Though summer is behind us now, the heat is still on. One may agree that yes, the rainy season is upon us already, and LPAs and typhoons began visiting. But there is another type of heat coming, and it’s percolating.
We haven't felt its full impact yet. The country’s geo-political arena is steaming, sweltering with heated verbal exchanges. The political mudslingings, the innuendos and accusations started to heat up.
The ruling, (is it still?) Partido Demokratiko ng Pilipinas-Lakas Bayan (PDP-Laban), founded by former Senator Aquilino “Nene” Pimentel is crumbling. Officials are at loggerheads. A Cebu-convention was held last month without Senator Emmanuel “Manny” Pacquiao, its president in attendance.

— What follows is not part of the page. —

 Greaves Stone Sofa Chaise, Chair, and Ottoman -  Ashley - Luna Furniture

In an apparent retaliation, the boxing champ expelled PDP-Laban officials, including Energy Secretary Alfonso Cusi, vice chair, deputy secretary Melvin Matibag and membership committee head Astra Naik. The situation is an indication that the PDP-Laban is about to implode.
This week’s scheduled general assembly is judgment day , as PDP-Laban officials want Sen. Manny out of the party. One scenario being depicted is that he is contemplating about bolting out.

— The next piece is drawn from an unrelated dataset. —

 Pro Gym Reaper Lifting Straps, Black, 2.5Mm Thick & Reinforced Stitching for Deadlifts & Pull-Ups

The rift between President Duterte, the party chairperson, and the boxing lawmaker has turned for the worst when the former lambasted the boxing icon last week.
It’s just funny that in his tirade, the President, based on wrong information, questioned Sen. Manny’ why he backed out of his scheduled fight with unbeaten unified welterweight world champion Errol Spence in Last Vegas. Serendipitously, it will be on August 21, a very special day for us Filipino as it is the birth of the August 21 Movement, a political cry against the dictatorial rule of Ferdinand Marcos following the death of Sen. Benigno “Ninoy” Aquino.
As it turned out, the information provided was fake. In case you missed it, his own words, the President criticized: “bakit umatras ka duon sa boxing, kasi alam mo kung matalo ka, you are a goner! Those are your inconsistencies in your career.”
Under this seemingly uncomfortable environment, awkward as it is, I believe it’s high time for him to “hang the towel” of the party. In my mind, it would be a bittersweet scenario to hear the boxing icon, admired by millions all over the world, to say: “Loyalty to my party ends when loyalty to my country begins!”
If he’s really serious in seeking the presidency, then, he can resurrect his very own, People's Champ Movement (PCM), a General Santos and Sarangani regional political party he founded in 2009. Although PCM has been tagged as closely affiliated with the PDP-Laban and the United Nationalist Alliance.
The nagging question is, will the champ yield in his biggest political fight?